All of the data below should be copied exactly as it stands.

> [DATA PROVIDED]:
+ + + + +

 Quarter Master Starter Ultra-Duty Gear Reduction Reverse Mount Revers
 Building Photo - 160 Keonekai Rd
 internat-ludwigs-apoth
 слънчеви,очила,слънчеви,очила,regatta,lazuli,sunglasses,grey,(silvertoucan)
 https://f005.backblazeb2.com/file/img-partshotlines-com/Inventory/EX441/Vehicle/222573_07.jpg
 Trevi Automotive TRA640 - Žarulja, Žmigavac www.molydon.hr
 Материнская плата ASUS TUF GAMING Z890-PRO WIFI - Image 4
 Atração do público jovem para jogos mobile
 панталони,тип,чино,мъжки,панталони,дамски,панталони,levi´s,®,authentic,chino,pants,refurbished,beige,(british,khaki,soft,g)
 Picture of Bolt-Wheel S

+ + + + +

> [OUTPUT OF THE EXERCISE]:
 Quarter Master Starter Ultra-Duty Gear Reduction Reverse Mount Revers
 Building Photo - 160 Keonekai Rd
 internat-ludwigs-apoth
 слънчеви,очила,слънчеви,очила,regatta,lazuli,sunglasses,grey,(silvertoucan)
 https://f005.backblazeb2.com/file/img-partshotlines-com/Inventory/EX441/Vehicle/222573_07.jpg
 Trevi Automotive TRA640 - Žarulja, Žmigavac www.molydon.hr
 Материнская плата ASUS TUF GAMING Z890-PRO WIFI - Image 4
 Atração do público jovem para jogos mobile
 панталони,тип,чино,мъжки,панталони,дамски,панталони,levi´s,®,authentic,chino,pants,refurbished,beige,(british,khaki,soft,g)
 Picture of Bolt-Wheel S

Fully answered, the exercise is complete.